12 tips for anxious drivers

Girl looking out car window

Admit it – there’s probably at least one part of driving you'd like to avoid. Whether it’s navigating to new locations, braving unfamiliar motorways or simply parking in a tricky space, don't worry, here are some ways to feel calm, confident and in control.

By Steve Smethurst

Racing hearts, sweating palms and headaches – just some of the symptoms that nervous drivers face when they get behind the wheel. There are many factors involved. Imagine that you were once in an accident and are now driving at night, in dreadful weather, in unfamiliar surroundings in a car you’ve never driven before. And there’s someone right behind you with their full beam on.

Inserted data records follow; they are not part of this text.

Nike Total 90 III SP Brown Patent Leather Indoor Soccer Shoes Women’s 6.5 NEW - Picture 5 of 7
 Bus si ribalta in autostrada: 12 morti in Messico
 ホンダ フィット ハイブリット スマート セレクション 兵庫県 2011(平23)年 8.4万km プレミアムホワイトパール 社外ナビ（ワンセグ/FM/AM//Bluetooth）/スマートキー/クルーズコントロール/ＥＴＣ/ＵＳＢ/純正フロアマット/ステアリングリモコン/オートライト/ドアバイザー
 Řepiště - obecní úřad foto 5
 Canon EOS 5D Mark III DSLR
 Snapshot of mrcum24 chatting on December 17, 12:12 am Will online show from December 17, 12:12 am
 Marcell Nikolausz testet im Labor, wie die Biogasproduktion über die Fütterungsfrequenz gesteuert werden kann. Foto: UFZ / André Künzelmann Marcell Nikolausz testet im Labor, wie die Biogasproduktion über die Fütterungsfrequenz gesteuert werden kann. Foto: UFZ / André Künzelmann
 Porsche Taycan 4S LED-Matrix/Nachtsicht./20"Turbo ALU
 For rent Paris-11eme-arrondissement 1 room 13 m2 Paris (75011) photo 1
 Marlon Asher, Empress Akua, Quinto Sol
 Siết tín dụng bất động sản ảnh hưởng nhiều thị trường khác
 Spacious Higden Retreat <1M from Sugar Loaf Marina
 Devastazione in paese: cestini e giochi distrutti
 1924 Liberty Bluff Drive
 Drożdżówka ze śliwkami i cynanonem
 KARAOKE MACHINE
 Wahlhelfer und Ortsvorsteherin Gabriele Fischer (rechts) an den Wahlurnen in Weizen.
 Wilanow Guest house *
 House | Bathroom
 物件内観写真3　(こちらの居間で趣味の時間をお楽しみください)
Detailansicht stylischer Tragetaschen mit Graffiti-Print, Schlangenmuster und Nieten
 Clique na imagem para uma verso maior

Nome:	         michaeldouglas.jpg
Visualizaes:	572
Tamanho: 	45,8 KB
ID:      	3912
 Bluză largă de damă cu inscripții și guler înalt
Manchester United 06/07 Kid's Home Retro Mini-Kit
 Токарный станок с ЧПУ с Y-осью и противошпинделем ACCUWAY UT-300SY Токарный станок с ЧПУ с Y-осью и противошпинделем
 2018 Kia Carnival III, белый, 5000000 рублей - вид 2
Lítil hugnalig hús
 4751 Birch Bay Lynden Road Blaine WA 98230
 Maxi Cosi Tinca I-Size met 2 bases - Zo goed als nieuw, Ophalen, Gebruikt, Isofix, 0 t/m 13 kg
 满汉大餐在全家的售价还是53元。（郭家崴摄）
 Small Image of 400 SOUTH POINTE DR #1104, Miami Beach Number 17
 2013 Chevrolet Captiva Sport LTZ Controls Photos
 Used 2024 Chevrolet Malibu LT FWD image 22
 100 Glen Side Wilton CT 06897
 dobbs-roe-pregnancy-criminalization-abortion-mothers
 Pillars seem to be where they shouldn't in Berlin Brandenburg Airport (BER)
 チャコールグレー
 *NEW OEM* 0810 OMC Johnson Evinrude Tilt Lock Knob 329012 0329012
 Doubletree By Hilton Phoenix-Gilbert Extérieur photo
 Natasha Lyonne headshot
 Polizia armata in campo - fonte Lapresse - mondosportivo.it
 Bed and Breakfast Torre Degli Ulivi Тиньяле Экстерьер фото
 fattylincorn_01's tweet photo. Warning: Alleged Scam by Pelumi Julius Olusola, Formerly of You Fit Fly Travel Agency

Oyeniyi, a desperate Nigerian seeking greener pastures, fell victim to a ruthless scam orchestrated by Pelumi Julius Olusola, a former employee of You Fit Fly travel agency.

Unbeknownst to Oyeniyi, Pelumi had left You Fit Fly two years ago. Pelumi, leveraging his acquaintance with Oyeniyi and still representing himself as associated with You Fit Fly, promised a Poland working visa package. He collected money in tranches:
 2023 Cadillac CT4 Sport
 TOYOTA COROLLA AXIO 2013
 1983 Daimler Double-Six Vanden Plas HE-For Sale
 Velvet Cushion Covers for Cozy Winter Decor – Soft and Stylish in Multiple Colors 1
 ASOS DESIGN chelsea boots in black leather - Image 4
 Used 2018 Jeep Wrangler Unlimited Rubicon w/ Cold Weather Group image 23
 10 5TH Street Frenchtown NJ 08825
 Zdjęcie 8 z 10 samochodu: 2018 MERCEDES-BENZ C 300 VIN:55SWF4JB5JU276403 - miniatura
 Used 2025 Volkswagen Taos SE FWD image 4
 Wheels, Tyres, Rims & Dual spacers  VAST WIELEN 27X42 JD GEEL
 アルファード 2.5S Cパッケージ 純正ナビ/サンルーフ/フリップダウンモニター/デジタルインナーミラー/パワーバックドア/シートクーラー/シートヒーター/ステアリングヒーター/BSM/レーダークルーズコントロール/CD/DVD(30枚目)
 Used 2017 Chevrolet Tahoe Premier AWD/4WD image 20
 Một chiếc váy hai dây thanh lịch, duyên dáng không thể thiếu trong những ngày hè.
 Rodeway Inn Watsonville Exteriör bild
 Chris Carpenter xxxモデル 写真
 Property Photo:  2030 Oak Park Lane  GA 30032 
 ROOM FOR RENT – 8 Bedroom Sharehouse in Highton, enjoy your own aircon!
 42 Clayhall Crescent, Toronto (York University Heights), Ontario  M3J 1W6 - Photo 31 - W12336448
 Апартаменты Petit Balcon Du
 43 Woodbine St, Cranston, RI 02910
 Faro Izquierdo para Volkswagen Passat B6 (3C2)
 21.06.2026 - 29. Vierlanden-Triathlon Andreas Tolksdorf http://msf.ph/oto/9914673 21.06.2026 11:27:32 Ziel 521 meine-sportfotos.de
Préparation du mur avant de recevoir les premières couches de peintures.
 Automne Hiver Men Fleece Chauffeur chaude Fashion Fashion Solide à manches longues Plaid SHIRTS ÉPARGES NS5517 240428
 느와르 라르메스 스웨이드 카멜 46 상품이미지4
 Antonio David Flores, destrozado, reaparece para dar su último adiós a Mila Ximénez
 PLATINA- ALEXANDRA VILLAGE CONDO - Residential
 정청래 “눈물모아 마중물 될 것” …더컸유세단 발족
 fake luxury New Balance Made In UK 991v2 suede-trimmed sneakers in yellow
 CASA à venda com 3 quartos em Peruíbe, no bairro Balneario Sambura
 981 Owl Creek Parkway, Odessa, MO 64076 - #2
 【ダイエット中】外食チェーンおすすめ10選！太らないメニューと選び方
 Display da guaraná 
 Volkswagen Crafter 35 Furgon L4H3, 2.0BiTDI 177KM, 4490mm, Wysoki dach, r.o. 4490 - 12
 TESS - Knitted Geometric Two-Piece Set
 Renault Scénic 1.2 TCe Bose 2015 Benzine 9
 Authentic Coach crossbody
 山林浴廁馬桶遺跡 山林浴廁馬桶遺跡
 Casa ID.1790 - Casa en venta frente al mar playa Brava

Maybe you have nerves of steel, but UK government statistics1 show that there were 1,390 road deaths in the year ending June 2021 and almost 120,000 casualties resulting from accidents. So, it’s little wonder that there are some anxious drivers out there.

Fortunately, there are steps you can take to conquer your nerves and make driving pleasurable, or at least to enable you to get from A to B without too much stress.

  1. Research your route, so you know what to expect and where to go. If you can, test the route in advance when the roads are quiet and the weather and light are good. Preparation is half the battle.
  2. Using sat-nav may help but remember they don’t always get it right. Have a map in the car just in case, especially if you’re travelling with a passenger who can help with directions.
  3. Playing music may help to take the edge off your nerves.
  4. Focusing on your breathing can be helpful. Taking in long slow in and out breaths can help to reduce your heart rate.
  5. Don’t let other drivers pressure you into driving faster than you’re comfortable with. Let other vehicles overtake when it’s safe to do so.
  6. It might help to avoid caffeine before you drive. It’s a stimulant and could make nervous tension worse.
  7. If it all gets too much, pull over in a safe place like a service station or a side road and take some time out before starting again.
  8. If it’s been a few years since you passed your test, it’s probably worth brushing up on road signs and all drivers should be aware of the recent changes to the Highway Code.
  9. Similarly, it might help to go back to basics and remember all the good driving habits you learnt, such as always checking mirrors when turning or braking; ensuring there is enough distance between you and the driver in front of you; and signalling with plenty of time.
  10. Believe in yourself. You’ve passed a driving test; you know what to do. You’ve got this.
  11. The minimum car insurance you need to drive in the UK is ‘third party’, but you may feel more confident if you take out a comprehensive policy which will give you extra protection should something go wrong. Aviva’s comprehensive car insurance includes vehicle recovery, legal costs if you’re in an accident and motor injury protection.
  12. Finally, if these tips don’t work for you, it might be worth getting help from the professionals, perhaps by booking driving-refresher or motorway-driving lessons. Some people have been helped by therapy, like hypnotherapy or CBT following trauma.